I had never seen “the Inimitable” so discomposed. No one, not even Macready, could have imitated that startled look.

“I…I know that face,” Dickens stammered.

The Body Will Tell Us!

April 13, 1851

It was midnight by the bells atop Saint Paul’s, but not for the spirit which once inhabited that sodden corpse staring up from its bed in the mud of the Victoria embankment.

“I know that face,” Dickens repeated, his voice shaking.

“Well, who is it?” Rogers’s impatience showed.

“What ho, identified on the spot,” Field took a lighter tack.

“Yes…Yes…I know the man,” Dickens uttered the words slowly as if in a daze.

Inspector Field became positively festive.

The corpse lay silent like some shipwrecked seaman washed ashore on an alien beach.

“It is Lawyer Partlow of Lincoln’s Inn Fields. He is an acquaintance of Forster’s. In fact, one of Forster’s close neighbours.” Dickens’s voice gained strength with each word. “Forster lives at fifty-eight Lincoln’s Inn Fields and Partlow at sixty-two. We shared a hansom back from the theatre one evening. Their addresses were a subject of the conversation.”

Both Field and Rogers were impressed by Dickens’s novelist’s memory.

“You ’ave no idea ’ow much better than a ‘FOUND DEAD’ notice posted on boards across the city your identification is,” Field gushed.

“We wouldn’t ’ave identified this bloke for days,” Rogers nodded.

“Partlow is well known among the players at Covent Garden Theatre. He is one of the most visible patrons and the theatre’s solicitor, said to be an expert in angel contracts and private fund raising. He has even taken his turn in the crowd scenes of some of the more populous productions.” Dickens’s voice had gradually become clinical and detached. “Macready dislikes him, but then Macready dislikes everyone,” Dickens finished with a quip, the procession of facts from his capacious memory having dispelled his initial shock at being acquainted with such a brutally murdered corpse.
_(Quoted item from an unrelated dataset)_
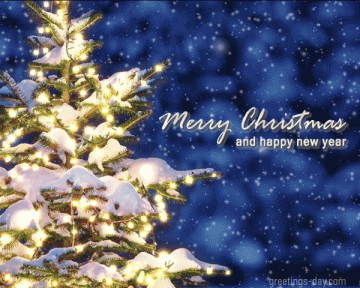 Xmas Images, Animated Pics and Quotes.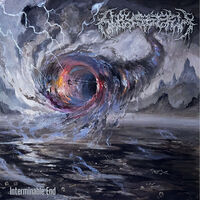 Abyssery - Vortex Of Oneiric Visions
“Excellent work, Mister Dickens,” Inspector Field complimented him. “You ’ave saved me days of work with your identification.”

Dickens bowed and smiled.

A lorry clattered up on the street; the horse stood snorting in the cold wind. Two Bow Street constables placed the body in a winding sheet, the sheet in the lorry and drove off. Field directed us to wait, which occasioned Dickens and me to retreat once again into the shelter of the same overturned boat we had employed earlier. From that protected vantage we watched as Inspector Field tied up the loose ends of the evening.